§ **Requirement**: Could you return the data that follows exactly, minus the images?

§ **Information provided**:
◇ ◇ ◇ ◇ ◇ ◇ ◇

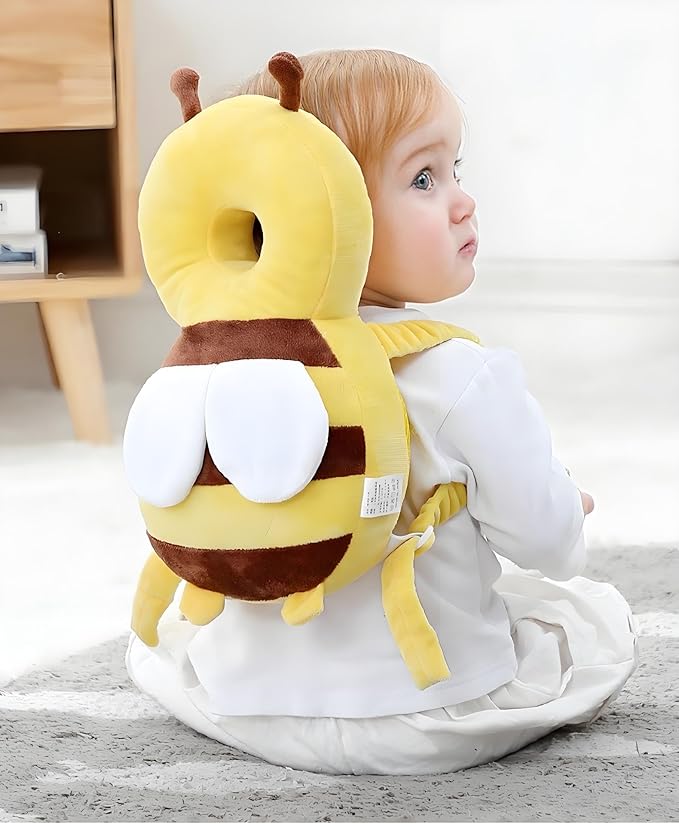 PandaEar Baby Head Protection Backpack, Toddler Walking Head Protector, Adjustable Head Protector Pad Safety Cushion (Yellow)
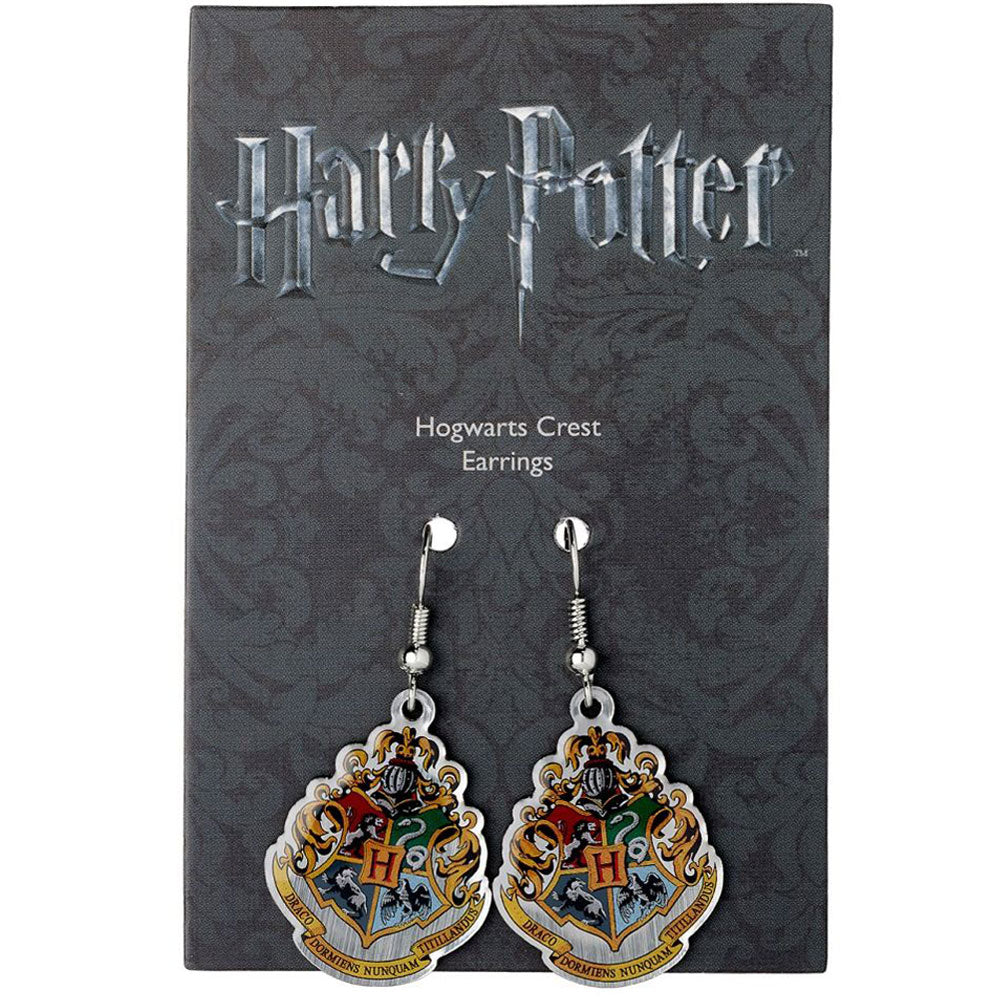 Harry Potter Silver Plated Hogwarts Crest Hook Earrings - Shop Jewellery At Gift Moments - 2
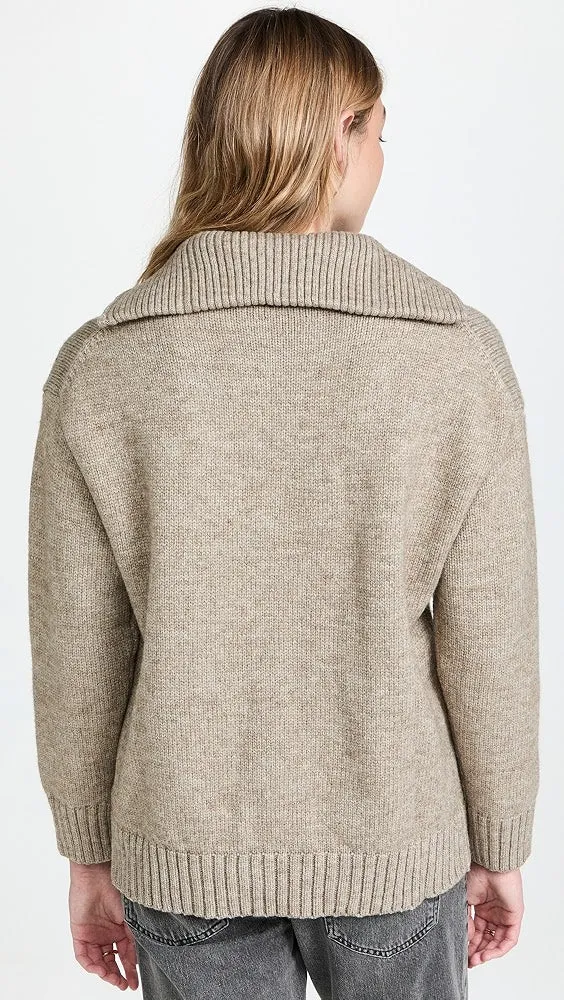 KNIT ZIP PULLOVER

◇ ◇ ◇ ◇ ◇ ◇ ◇

§ **Result of the exercise**:
 PandaEar Baby Head Protection Backpack, Toddler Walking Head Protector, Adjustable Head Protector Pad Safety Cushion (Yellow)
 Harry Potter Silver Plated Hogwarts Crest Hook Earrings - Shop Jewellery At Gift Moments - 2
 KNIT ZIP PULLOVER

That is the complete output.